Author: Jeffrey Fudin
Patient screening and risk management in opioid therapy is really quite a challenge and requires significant knowledge of the medications particularly with high-dose opioids. First of all, you have to make a decision of whether or not, as the dose escalates, the patient should even be on opioids because if they have to keep going up over a short period of time, maybe it’s not an appropriate drug. On the other hand, there could be justification of why a patient may need a high-dose opioid and another patient may need another opiate, or the same patient may require a high-dose opioid of one morphine equivalent and a lower dose of another drug. It’s really very complicated. You need to know the pharmacology and the pharmacokinetics of the drugs.
It’s very important for practitioners to understand all at least all the standard tests that are available. There are hair follicle tests. There are saliva tests. But the standard of care really is urine testing. Doctors, nurse practitioners, PAs, PharmDs have to understand if you’re doing a urine test, you need to know the difference between an immunoassay test and a quantitative confirmation or a confirmation by chromatography. There are flaws in the immunoassay test. It’s a good test for point of care because it helps you determine whether the patient is taking the drugs. If everything was equal, if all doctors had chromatography testing in their office and the costs were equal, there should be no immunoassay test. But that’s not where we live. So we need to justify in the chart why we’re sending the tests out for quantitative confirmation, why we’re incurring that cost, and then when those results come back, we need to document that very well.
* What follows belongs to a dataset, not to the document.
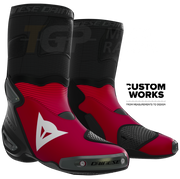 Botas de Moto Racing e Estrada Dainese Axial 2 Nicolò Bulega Replica 2026 | Homem | Vermelho / Branco Dainese | Custom Works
Opioid-induced constipation can be quite a problem for a lot of patients. This is an area where all healthcare providers really need to be familiar with the kinds of drugs that are available.
Patients sometimes do not feel comfortable discussing constipation with their care provider, or they are afraid that they’re going to lower their opioid dose or change it to another drug. Their care provider has other things to ask the patient, so if the patient doesn’t complain about opioid-induced constipation, it isn’t brought up. Patients will then try to treat the constipation themselves, with senna, docusate, other over the counter medications, that are expensive and oftentimes don’t work. Sometimes they do work, but they can cause cramping, diarrhea. They can cause depletion of certain electrolytes. So they’re not without issues. We have a new group of drugs called PAMORAs, which is an acronym that stands for peripherally-acting mu-opioid receptor antagonist, and is basically a direct antidote for how the opioids cause constipation in the gut. Not everybody needs to be on a PAMORA because some patients do just fine on standard therapy for constipation. But I think that it’s important that healthcare providers have an understanding of the drugs that are available to treat opioid-induced constipation and keep this in mind as an alternative.
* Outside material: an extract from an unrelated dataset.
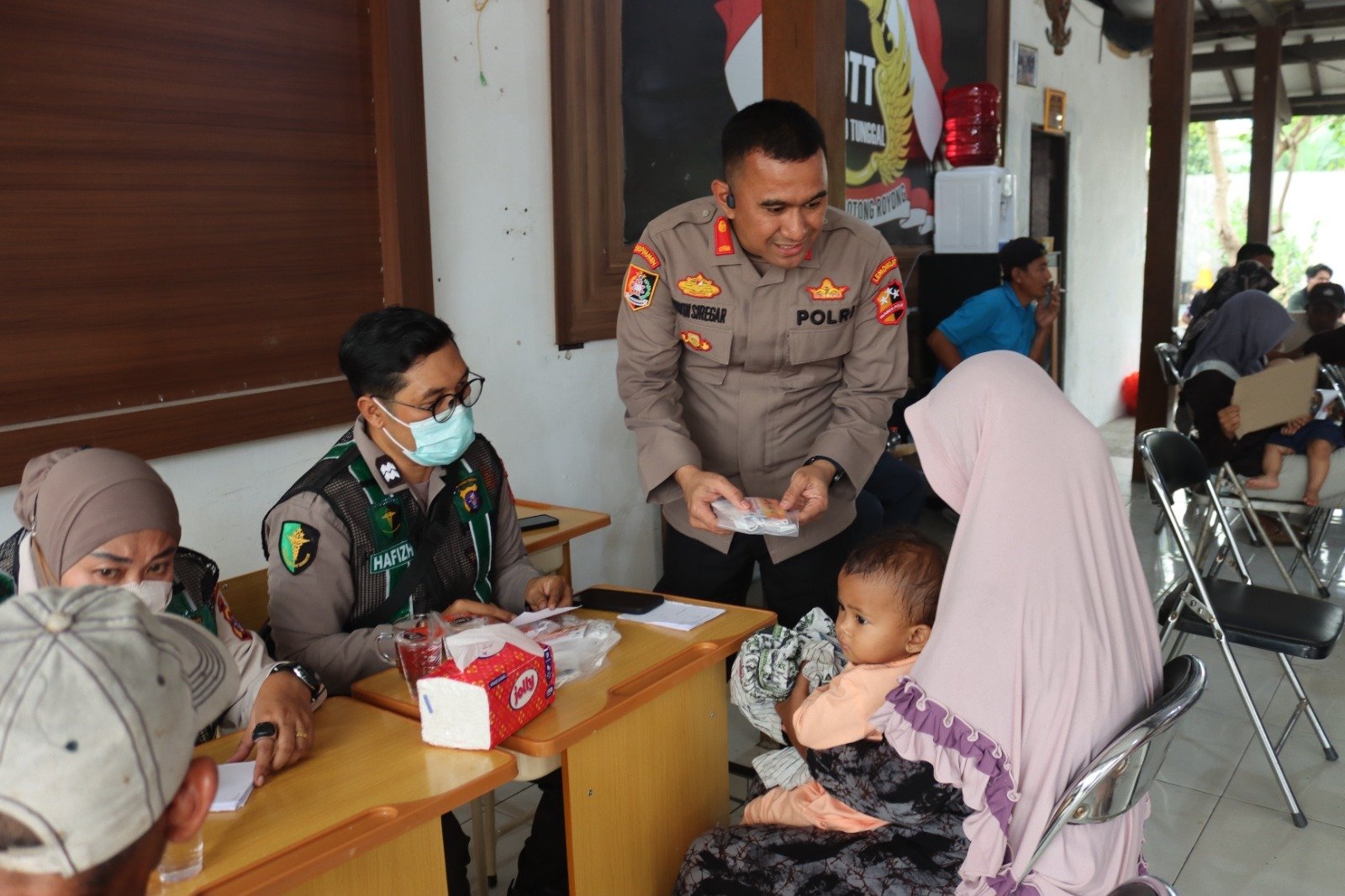 Peduli Warga Terdampak Karhutla, Serdik Sespimen Polri Dikreg 67 Bagikan Masker dan Vitamin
When thinking about abuse-deterrent formulations and opioid risk, there are pros and cons. From a public health standpoint, it’s probably a good thing to have drugs that are presumably safer, and there are a number of different abuse-deterrent technologies available. But they are expensive, and patients without good insurance—who may be at the highest risk—may not be covered. The other thing is that abuse-deterrent formulations are just that – they are deterrent. So they may slow down the ability of a person to abuse these drugs, but it doesn’t mean that it goes away. So there are a lot of issues. I don’t think that they’re the be all and end all to opioid therapy, but I do think it’s a step in the right direction. In dealing with overdose response, the AMA and other organizations have advocated for dual prescribing of in-home naloxone for patients at risk who are put on opioid therapy. It’s been argued that if they’re a high risk, shouldn’t we just not give the opioid and forget about the naloxone. But that’s not really acceptable because there are a lot of patients who need opioids. Other drugs either don’t work, they’re not indicated, or they’re contraindicated for the type of pain that the patient has. There are a lot of risks in patients that are on legitimate combinations of medications that are totally unpredictable. And so, I think patients should be prescribed dual therapy. There should be an escape plan, and the naloxone in the house should be accessible to everyone.